See also: Arrest and assassination of Ngô Đình Diệm

On 2 November 1963, Diệm and Nhu, were assassinated in a coup d'état led by General Dương Văn Minh (Armed Forces Council) with the understanding that the United States would not intervene. At the time of the assassinations, Madame Nhu was in Beverly Hills, California, traveling with her 18-year-old daughter, Ngô Đình Lệ Thủy. Her other children were in Vietnam at the family retreat in Đà Lạt and she feared that they would meet the same fate as their father. The children were not harmed by the generals and were flown out of the country into exile in Rome, where they were placed in the custody of their uncle, Archbishop Thục. Madame Nhu later flew to Rome to join them.

In response to the killings of Diệm and Nhu, she immediately accused the United States, saying "Whoever has the Americans as allies does not need enemies", and that "No coup can erupt without American incitement and backing". She went on to predict a bleak future for Vietnam and said that, by being involved in the coup, the troubles of the United States in Vietnam were just beginning. She called the deaths an "indelible stigma" against the Americans and said "My family has been treacherously killed with either official or unofficial blessing of the American government, I can predict to you now that the story is only at its beginning." She invoked biblical analogies, saying "Judas has sold the Christ for thirty pieces of silver.

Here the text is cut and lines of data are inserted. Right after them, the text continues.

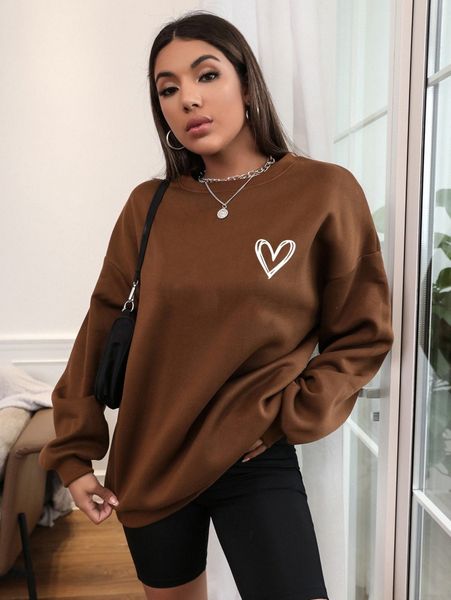 

heart print thermal lined sweatshirt n89w#, White;black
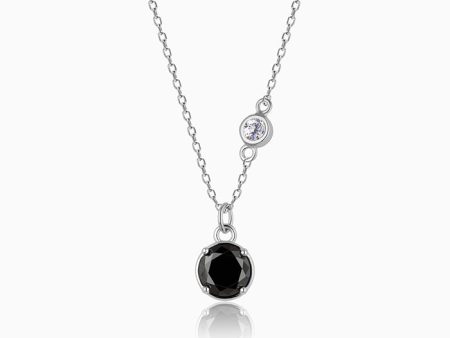 Silver Black Pearl Necklace on Sale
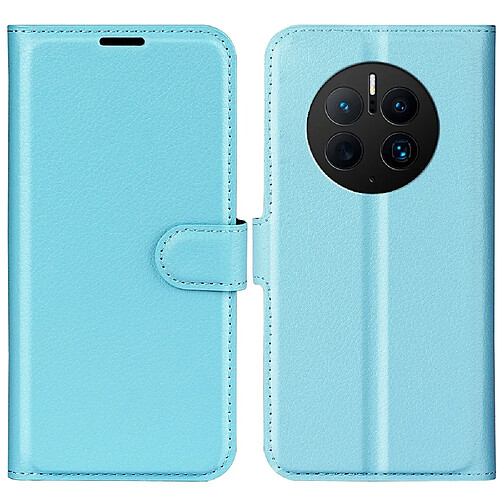 Etui en PU texture litchi, anti-écaillage avec support pour votre Huawei Mate 50 Pro 4G - bleu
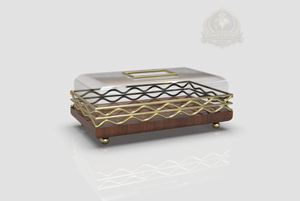 Caja de Exhibición de Pasteles de Lujo Ecológica y Personalizada con Tapa de Metal y Madera, Soporte para Postres Dorado, Diseño Palestino para Fiestas y Uso Doméstico - Product Image 3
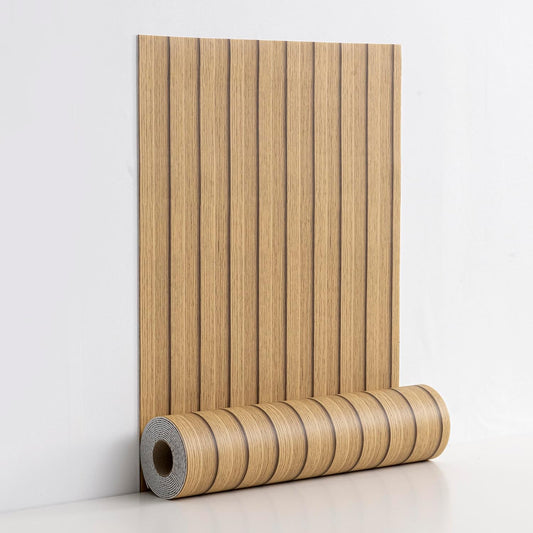 Wood Grain Slat Wall Panels Peel and Stick Faux Wood Thick Wallpaper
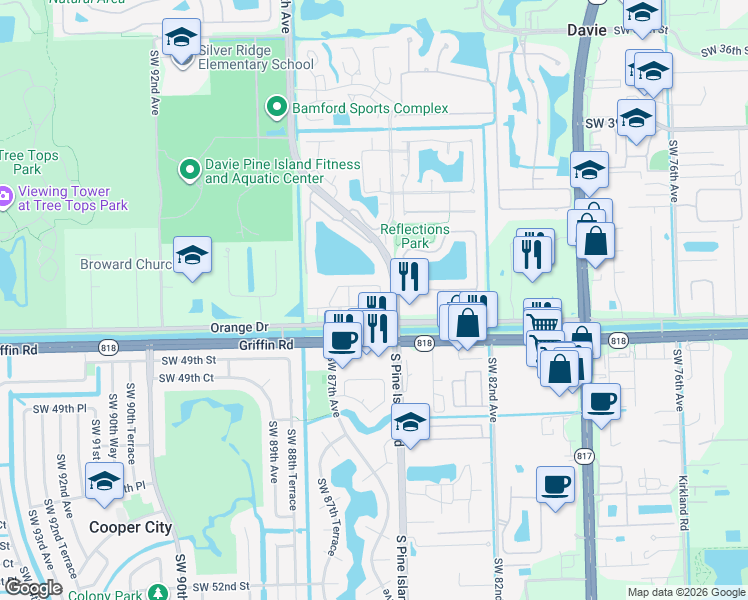map of restaurants, bars, coffee shops, grocery stores, and more near 8660 Blaze Court in Cooper City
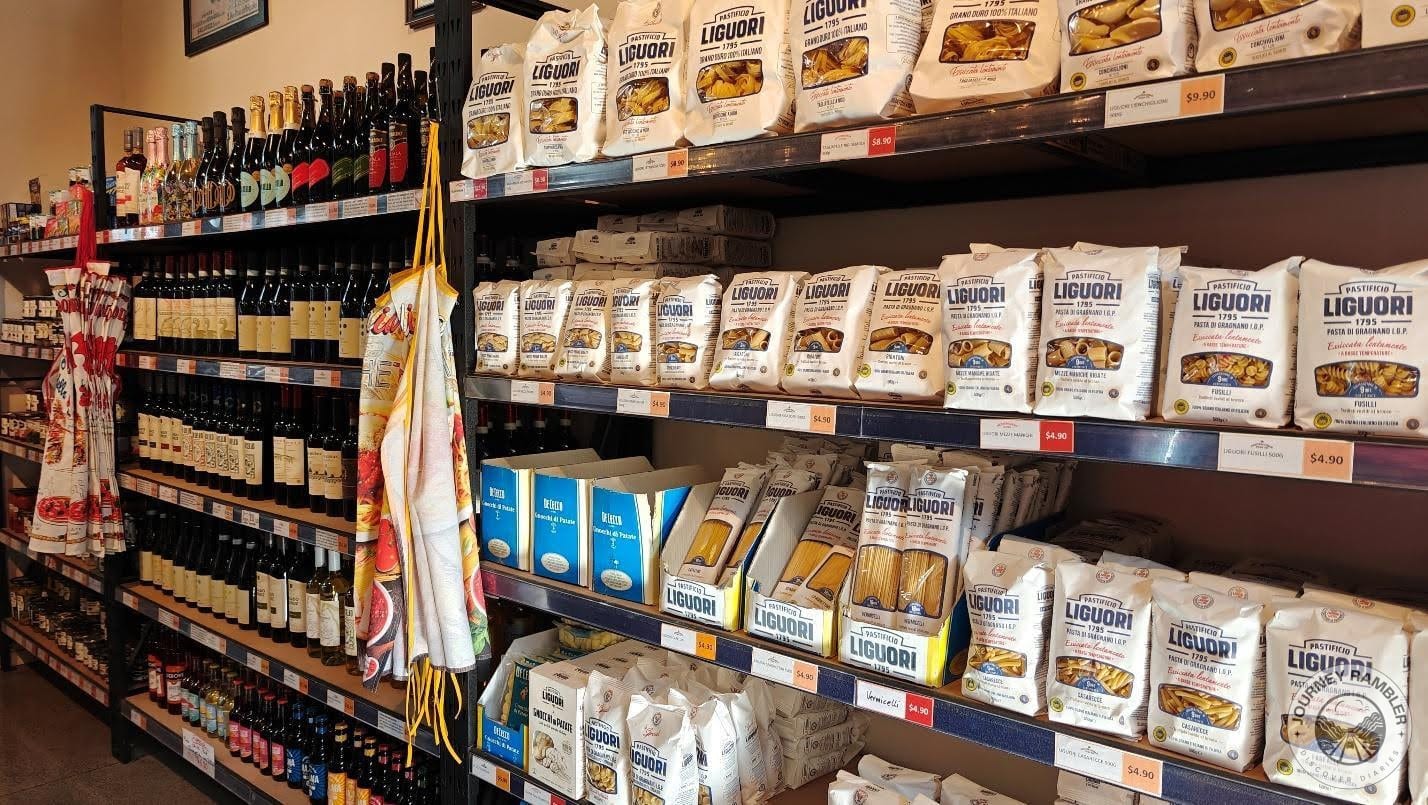 the shelves here are also chock full of pasta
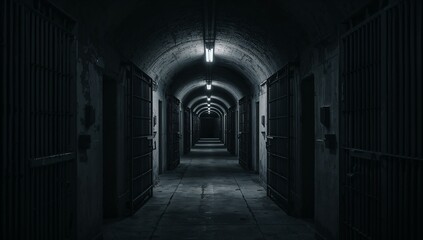 Leading arched prison corridor extending into darkness underground, with metal-barred doors
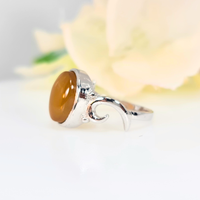 Akeek Women Ring UK Manchester 925 Sterling Silver Yellow protection positivity birthstone May Real Akeek Gem Yemen Authentic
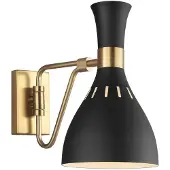 Elstead Lighting Applique murale Elstead Joan E27, noir nuit, laiton bruni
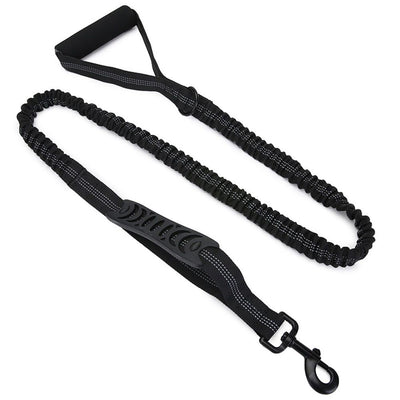 Highly Reflective Heavy Duty Elastic Bungee Medium and Large Dog Leash Shock Absorbing with Comfortable Padded Handle and Traffic Handle Suitable for Training
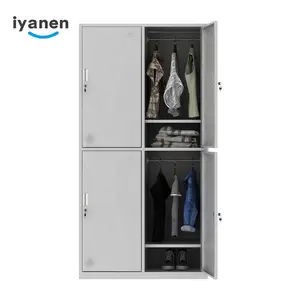 IYANEN KD structure customized grey 4 doors office metal document wardrobe steel almirah design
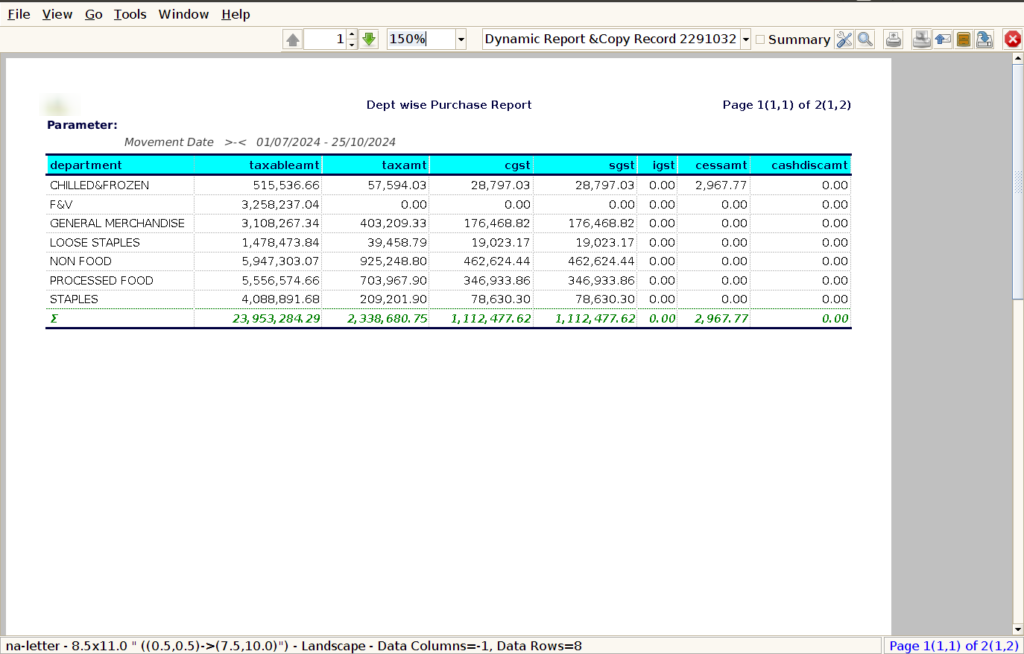 TenthPlanet-ADempiere-POS-DeptWisePurchaseReport-4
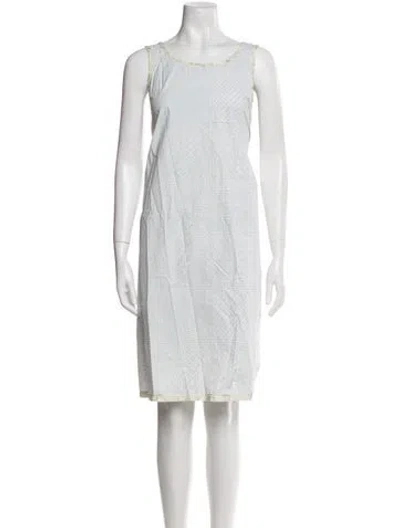 Pre-owned Dosa Scoop Neck Knee-length Dress In White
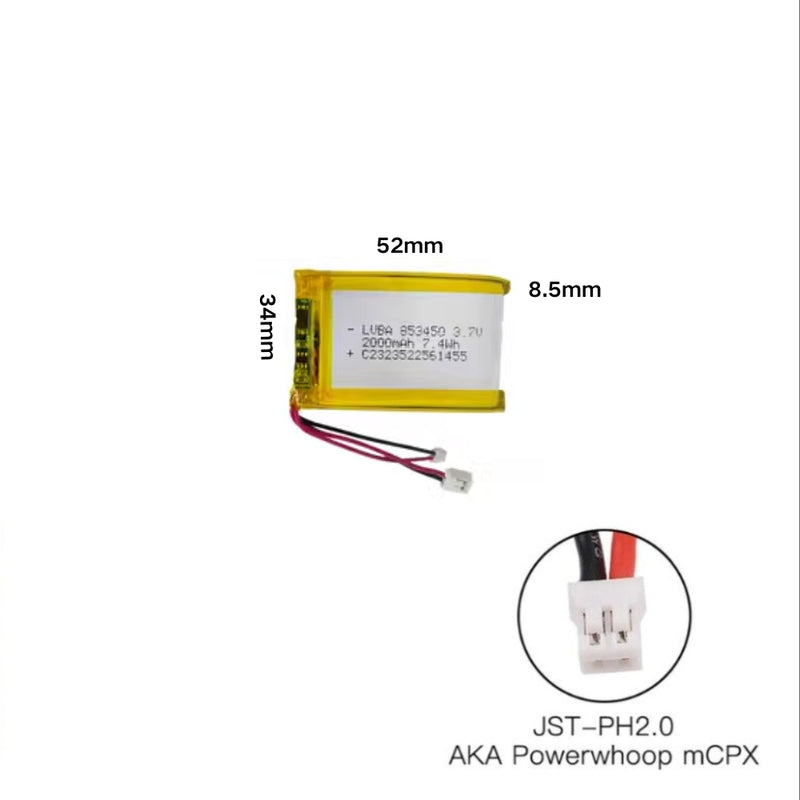 Cargue la imagen en el visor de la galería, [PH2.0-JST Connector][853450] Universal 2000mAh 3.7V Rechargeable Li-Ion Lithium Polymer Battery - Polar Tech Australia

The Ngô brothers have been sold for a few dollars." When asked if she wanted asylum in the United States, she said, "I cannot stay in a country whose government stabbed me in the back. I believe all the devils in hell are against us."

In the aftermath of the coup, the statues of the Trưng Sisters that Madame Nhu had erected with her own facial features were demolished by jubilant anti-Diệm rioters. The Times of Vietnam office was also burned down, and the newspaper was never published again.